達也は、自分の(意図しない)怪力がそんな風に伝わっていることに顔を赤くしつつも、尋問官が笑い飛ばしてくれたことに、少しだけホッとした。
しかし、尋問官はすぐに真顔に戻った。
「…まあ、冗談はさておきだ、タツヤ君。君たちが何らかの騒ぎを起こしたのは事実のようだ。そして、君たちが乗ってきたという、あの奇妙な鉄の箱…あれについても多くの疑問が寄せられている」
彼は達也の目を真っ直ぐに見据える。
「リベルは自由都市だ。君がもし『魔女』であったとしても、あるいは何か特別な力を持っていたとしても、それだけで即刻捕らえたり、街から追い出したりはしない。この街には、様々な力を持つ者、様々な事情を抱えた者が暮らしているからね。ただし」
尋問官の声が、少し低くなった。
「その力が街の秩序を乱したり、他の市民に危害を加えたりすると判断されれば、話は別だ。その場合、君たちへの待遇も、それなりに変わってくることになるだろう。それは理解できるね?」
穏やかな口調だが、その言葉には確かな圧力が込められていた。
「は、はい…」達也は緊張で唾を飲み込む。
「そこでだ」尋問官はそう言うと、机の引き出しから、手のひらサイズの、滑らかに磨かれた水晶玉のようなものを取り出し、テーブルの中央に静かに置いた。「君が何者で、どんな力を持っているのか、そして街に害をなす存在ではないのかを、少しだけ確認させてもらいたい。これは**『照会の水晶』**といってね…」
(しょうかいのすいしょう…? なんだこれ? 水晶玉で占いでもするつもりか…?)
達也は、その美しい水晶玉に、最初は特に何の警戒も抱かなかった。
しかし、尋問官がその機能を説明し始めると、達也の顔色が変わった。
「この水晶はね、対象者の真実の姿や、隠された魔力、あるいは邪な意思などを映し出すと言われている。まあ、完璧ではないが、一つの判断材料にはなる。
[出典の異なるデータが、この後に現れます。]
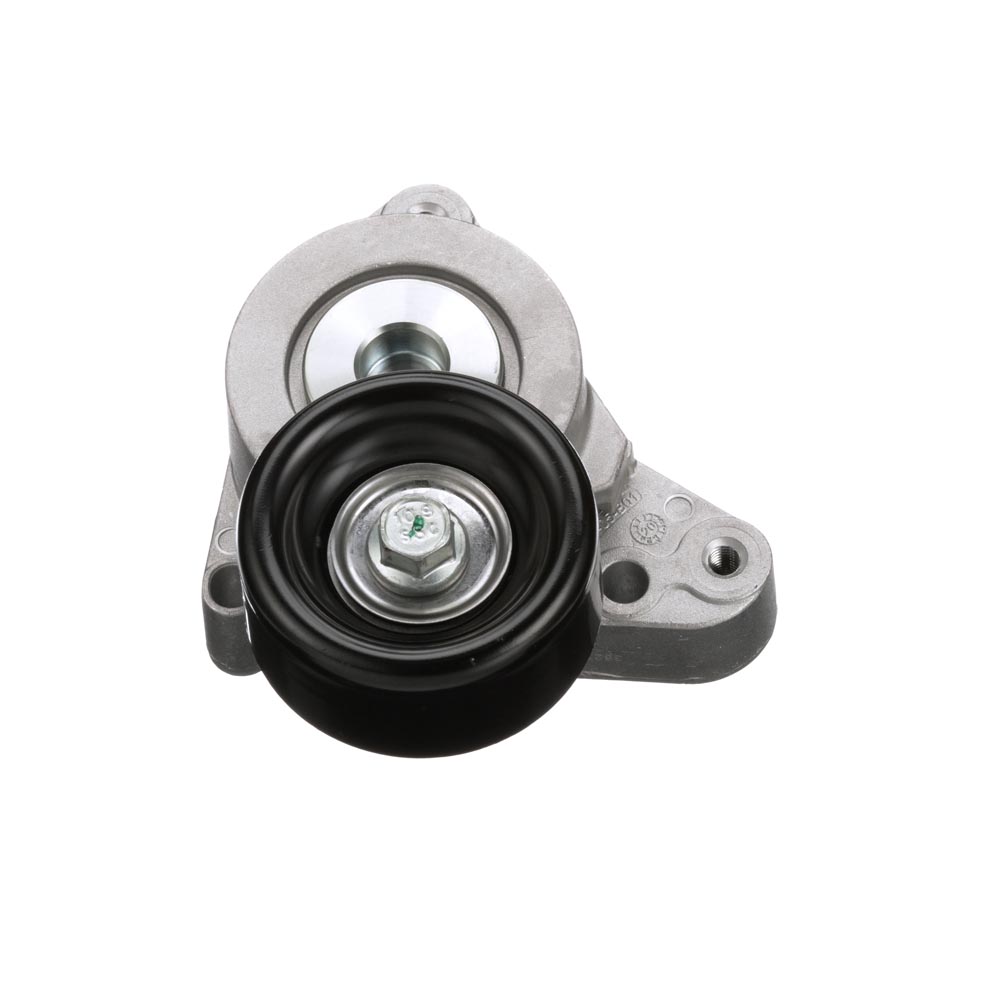 GATES T38278 Spännrulle Honda CR-V II 2.0 152 hk K20A5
さあ、この水晶に手をかざしてごらん」
(―――!!! これか!!!)
リリアが言っていた、冒険者ギルドにあるという、正体がバレる厄介な魔道具! まさか、こんなところで出てくるなんて!
(ヤバい! ヤバすぎる!! これに触れたら、俺が吸血鬼ことも、アイテムボックスのことも、もしかしたらTS転生してることまでバレちまうかもしれないじゃないか!?)
アザリアの牢屋以上の、絶体絶命のピンチ。達也の背筋を、冷たい汗が滝のように流れた。